Meaning you agree my conclusion was justified? Or that you are hoping that your evasive equation of "productive activity" with "pro-social attitudes" is quietly left to rest because otherwise it seems to challenge the whole edifice of your liberal economic argument?

Again, the question I put to you is what should we measure to know that we are maximising/optimising the right thing according to our social theory?

You appear to have ended up pointing to pro-social behaviour. If this is not the conclusion you want to arrive at, then you will need to tell us what was "unproductive" about those able-bodied idlers on benefits.

It seems pretty clear that they were unproductive in some famiilar GDP sense. But what is not clear is why your line of argument so sharply changed track.
 
  • #252


apeiron said:
This is great. You believe in a definition of production that is based on co-operative, pro-social behaviour. You are against selfish individualism.

What exactly is "co-operative, pro-social behavior?" And individualism should not be defined as selfish. A society based on individualism means self-reliance as opposed to a nanny state and means a focus on the rights and freedoms of the individual. It does not mean that said individuals will not help out their fellow humans via charity or that they will not be active participants in their communities and so forth.

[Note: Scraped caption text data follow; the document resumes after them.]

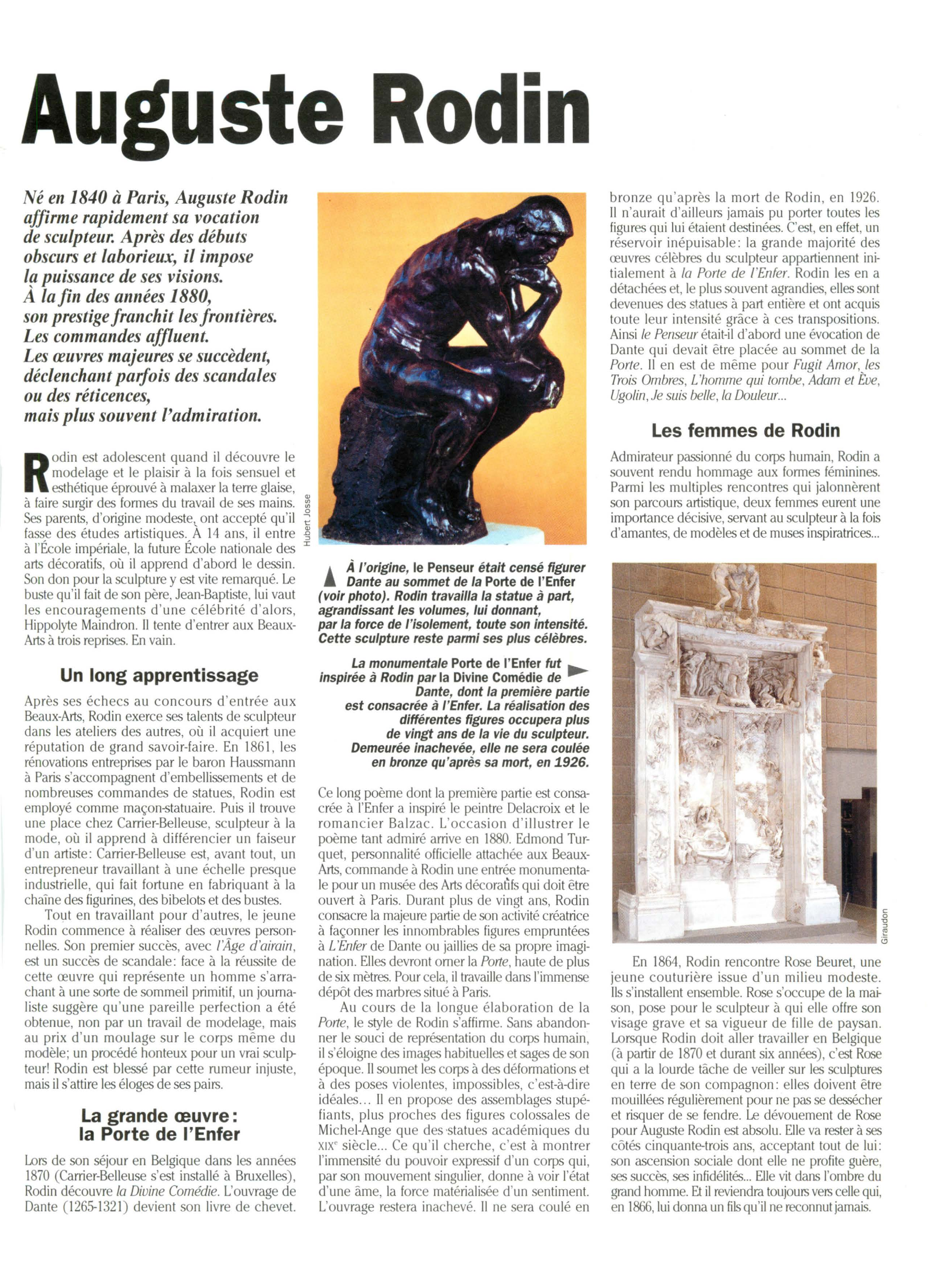 Prévisualisation du document Rodin Auguste, Paris 1840 - Meudon 1917 (encyclopédie)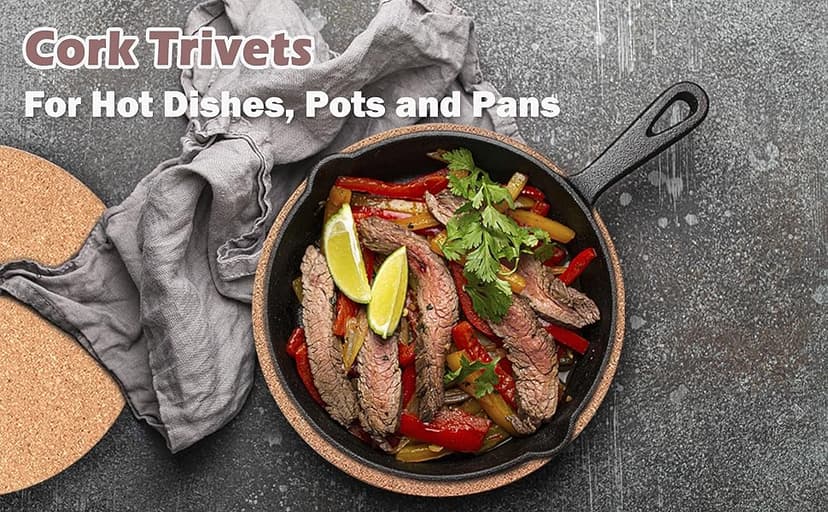 Cork Trivet, High Density Fine Particle Thick Cork Trivets for Hot Dishes, 8 Inch Heat Resistant Cork Coaster, Cork Placemats Cork Hot Pads for Hot Pots and Pans, 4 Pcs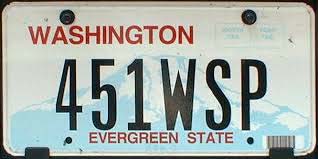 Washington  police license plate image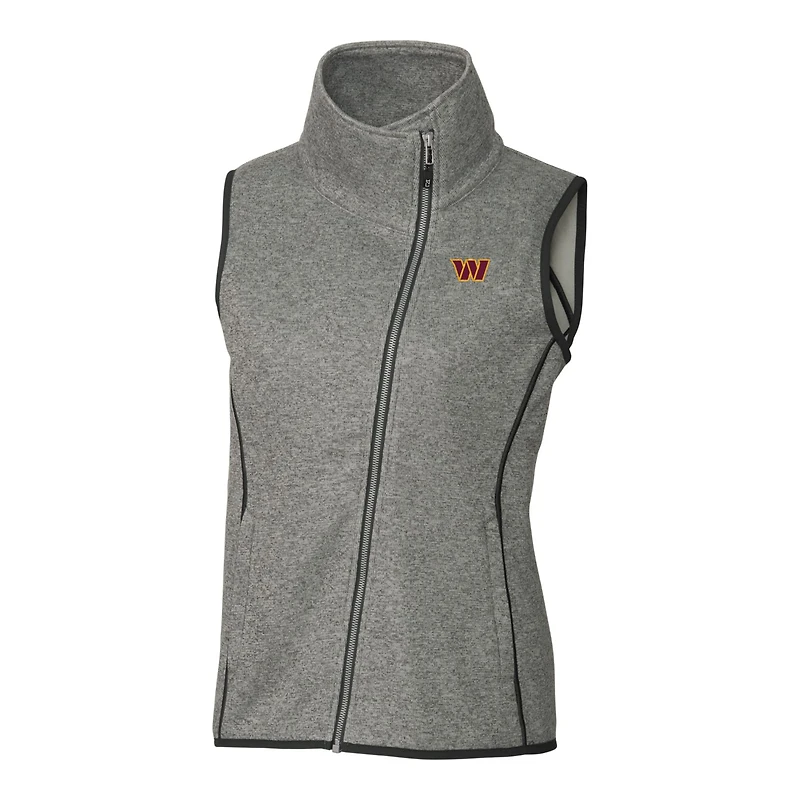 Women's Cutter & Buck Heathered Gray Washington Commanders Mainsail Full-Zip Vest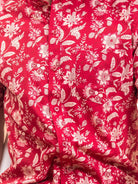 Floral Red Mandarin Collar Half Sleeve Shirt - Tistabene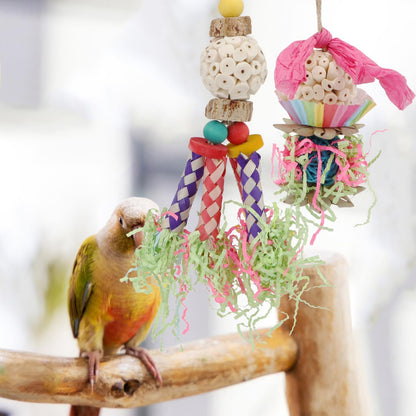 Wontee Bird Toys Colorful Shredding Crinkles Foraging Toys Natural Sola Ball for Parrots Cockatiels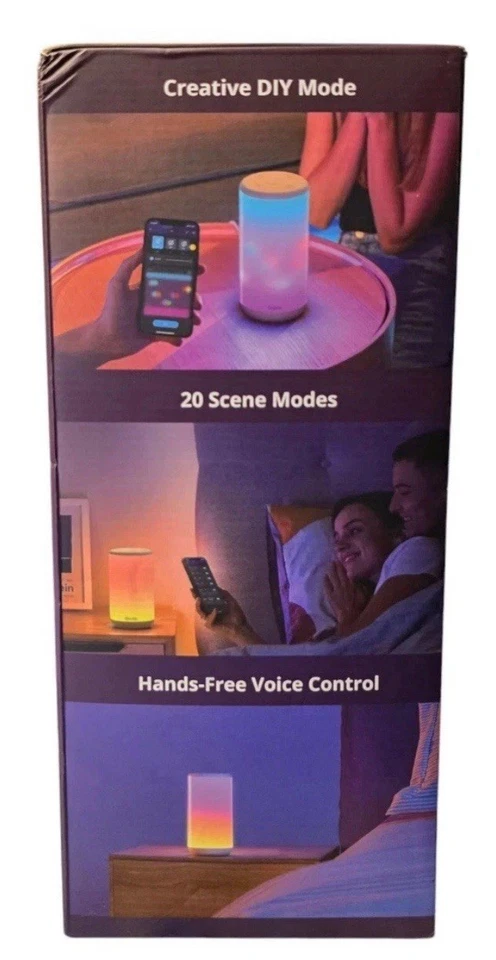 Govee RGBIC Smart Table Lamp Voice Control  Alexa Wi-Fi Hands Free H6052 - Image 2 of 3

Also, what do you mean that neo-liberal policies failed in New Zealand? Or was it just that the economy tanked big-time due to the fixing of the inflation that occurred? New Zealand, like the United States and Britain at the time, was experiencing a high rate of inflation during the 1980s, and had price controls, wage controls, restrictions on trade, and so forth.

I would think to judge the effectiveness of thhe neo-liberal reforms in New Zealand that were implemented at the time, one would more need to look at how the economy performs at a later date, not how it performed at the time, because at the time, in order to fix the NZ economy's problems, some major pain was needed. The same was true with the United States, Britain, and Chile as well.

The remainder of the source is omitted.